Si les Français boivent moins qu’il y a 30 ans, 23,6 % des 18-75 ans dépassent les repères de consommation recommandés(1). Comment identifier une addiction à l’alcool chez un proche ? Comment l’aider au mieux ?

Alors que l’alcool est souvent synonyme de fête et de convivialité, ce produit reste dangereux pour la santé. En France, il est même responsable de 28 000 cancers chaque année(2). Et s’il n’est pas rare de constater une consommation excessive chez un proche, l’addiction est parfois difficile à identifier. « Certains signes peuvent mettre sur la voie d’une addiction à l’alcool qui est, dans 80 % des cas, associée à un autre trouble de santé mentale comme la dépression ou les troubles du sommeil, explique Géraldine Talbot, psychiatre addictologue au CSAPA de Montreuil(3). Une personne ayant un trouble associé à l’alcool n’est souvent plus en capacité d’accomplir ses tâches habituelles, se détourne de ses centres d’intérêt, s’absente du travail, a un comportement relationnel qui se modifie… » Une personne alcoolique peut se mettre à cacher sa consommation d’alcool pour boire dès le matin, par exemple. Chez les plus jeunes, la répétition d’alcoolisations aigües avec la  « gueule de bois » (vomissements, maux de ventre, pertes de connaissance…) doit alerter.

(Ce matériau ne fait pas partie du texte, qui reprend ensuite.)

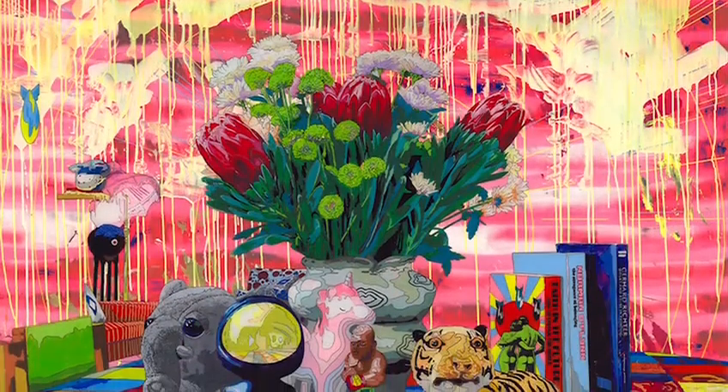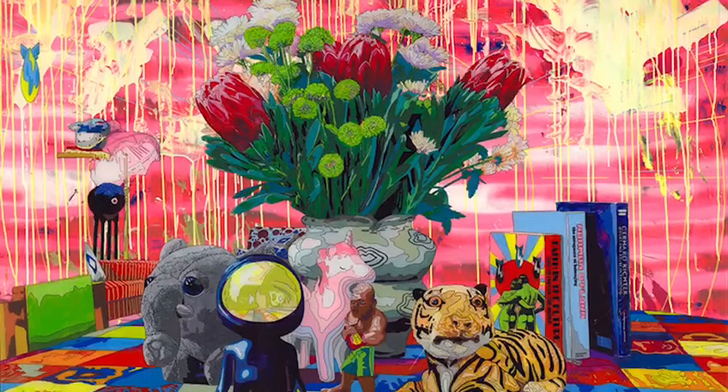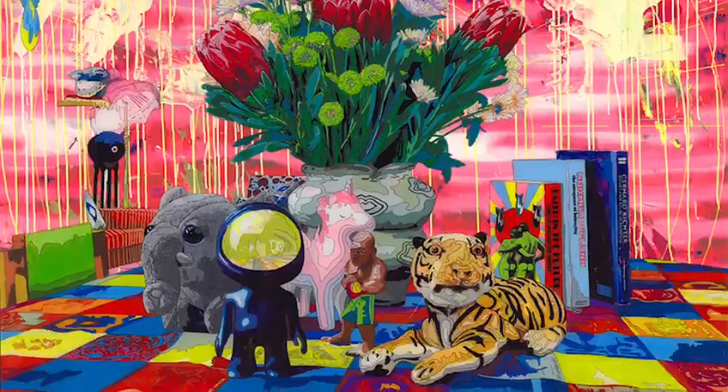The still lives are a way to introduce my sculptures — to paint my sculptures so they'd relate to the sort of 3D objects. You'd look at the painting and go, 'I recognize that.' It was a way for me to put a whole lot of ideas together in one frame.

Préférer le dialogue à la confrontation 


Face à ce faisceau d’indices, il est important de garder à l’esprit que la personne boit sans doute parce qu’elle ressent un mal-être plus profond. « En première approche, je conseille d’y aller en douceur, poursuit Géraldine Talbot. Il peut être pertinent de lui demander ce qui ne va pas, de lui proposer d’en parler et de le mettre progressivement sur la voie d’un possible problème avec l’alcool. » Si la personne se montre motivée pour agir, elle peut être orientée vers son médecin généraliste qui l’aiguillera vers une consultation spécialisée adaptée. « Mais les délais pour obtenir un rendez-vous chez un spécialiste peuvent être longs, prévient Géraldine Talbot. Je conseille de se rapprocher d’une association qui propose notamment des groupes de parole entre pairs mais aussi pour les proches comme les Alcooliques Anonymes, La Croix Bleue, Alcool Assistance la Croix d’Or, Vie Libre… ». « Pour mon frère alcoolique, nous nous sommes tournés vers la Croix Bleue à Poissy, témoigne Raphaël. Ils ont été d’un grand soutien. Mes parents et moi avons été plusieurs fois à des groupes de parole avec et sans mon frère pour essayer de l’aider au mieux. Malheureusement, sur la durée, il a arrêté d’y aller… ».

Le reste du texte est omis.